Required Skills and ExperienceEducation:
- Master’s degree in economics, Business or Public Administration, Social Sciences, International Relations, Political Science, or other relevant social science fields.
- At least 10 years of relevant experience of which at least five years in Senior Programme/project management position;
- Proven experience in Resource Mobilization, preferably also in relationship building with traditional and non-traditional donors;
- Proven track record in programme/project budget preparation, monitoring and report writing;
- Proven management experience, preferably in UNDP or other UN agency, with sound knowledge of project cycle management;
- Experience in working in crisis or conflict country;
- Experience working in a multi-cultural and/or international work environment.

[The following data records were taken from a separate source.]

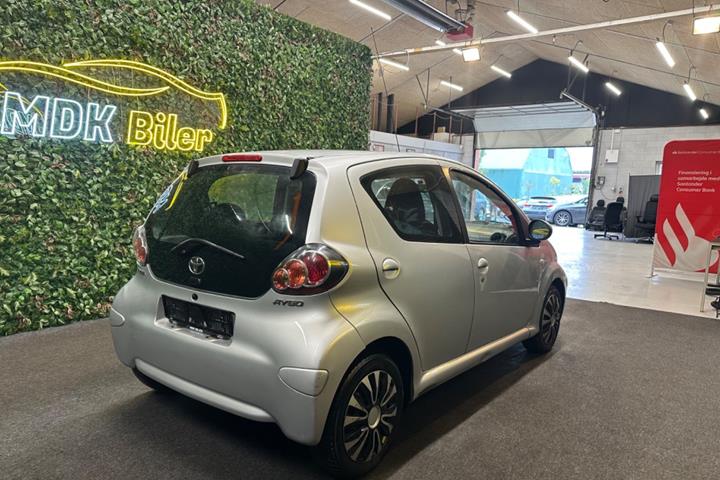 undefined Toyota Aygo fra 2010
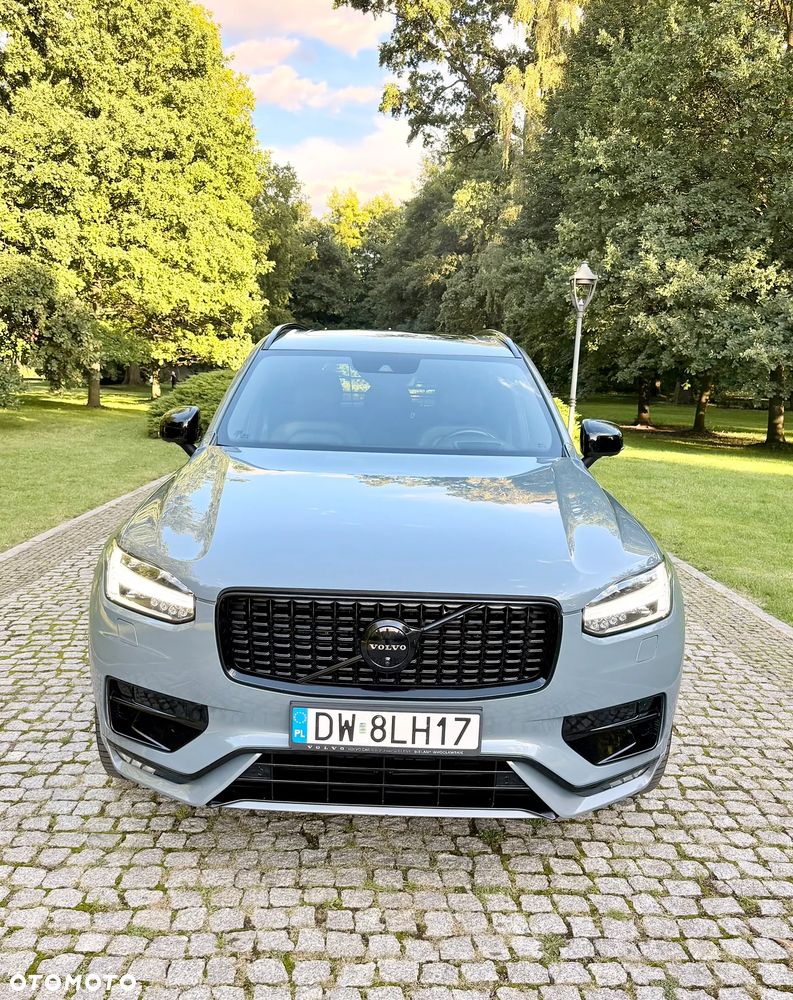 Volvo XC 90 - 8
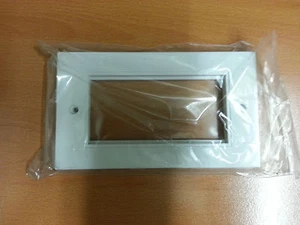x2pcs 2 GANG 4 FOUR MODULE FACEPLATE WHITE +SCREWS EURO MODULAR 25x50 Double 2g - Picture 1 of 2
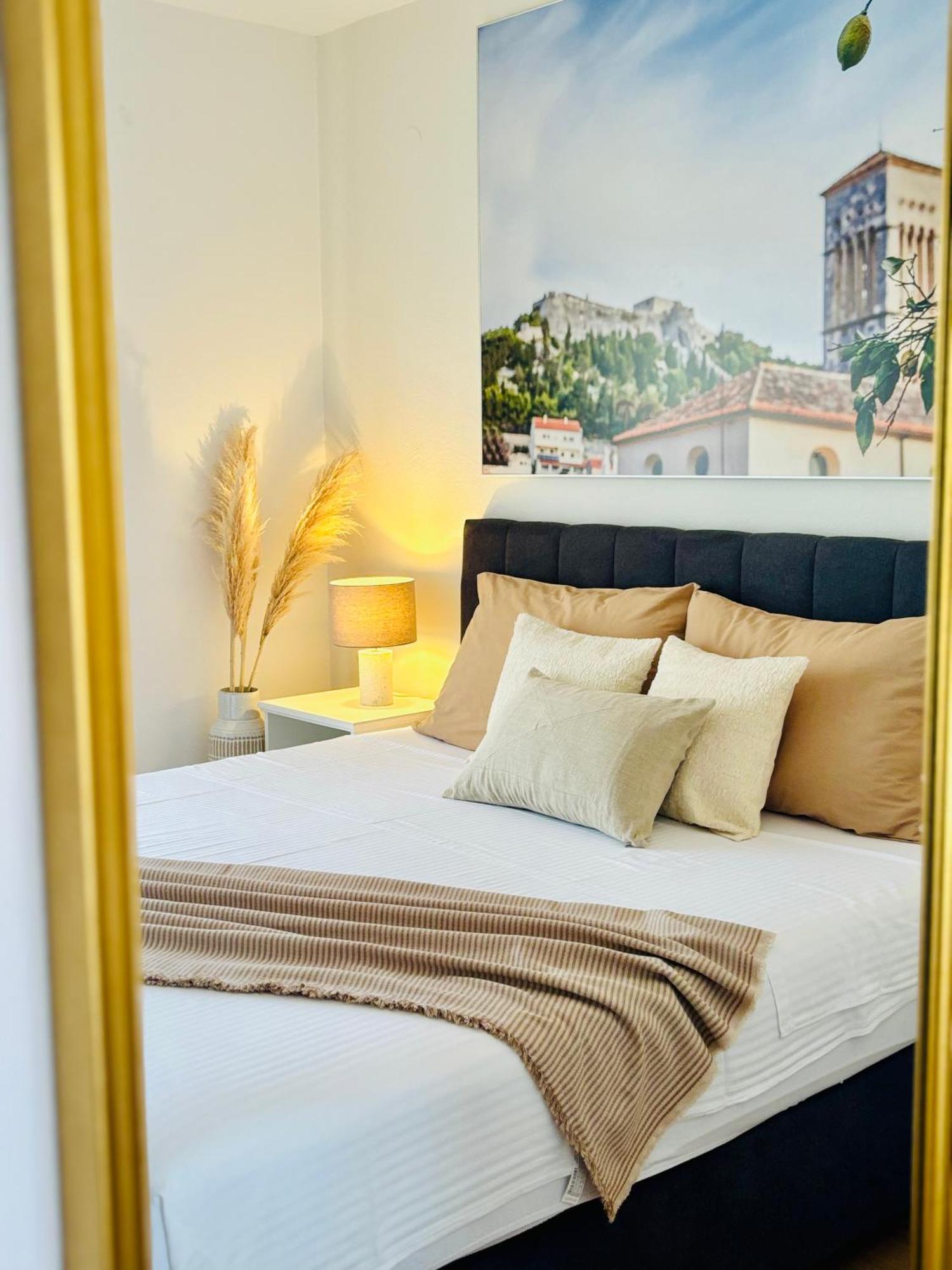 Apartments Sunny Elza Хвар Екстериор снимка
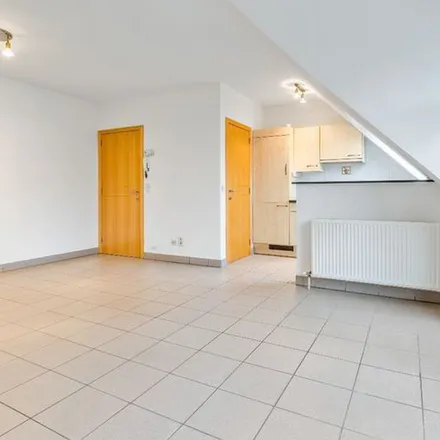 Rent this 2 bed apartment on Broedersstraat 10 in 9100 Sint-Niklaas, Belgium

- Functionally-related professional management skills;
- Plan and prioritizes work activities to meet organizational goals and organizes and oversees work processes efficiently to achieve quality results;
- Experience in the usage of computers and office software packages (MS Word, Excel, etc.) and advance knowledge of spreadsheet and database packages, as well as experience in the handling of web-based Management Systems;
- Previous UN Experience - Experience from previous UNDP assignments and/or UN agencies or multilateral banks (World Bank, African/Asian Development Bank, etc.) and bi-lateral aid organizations would be an asset.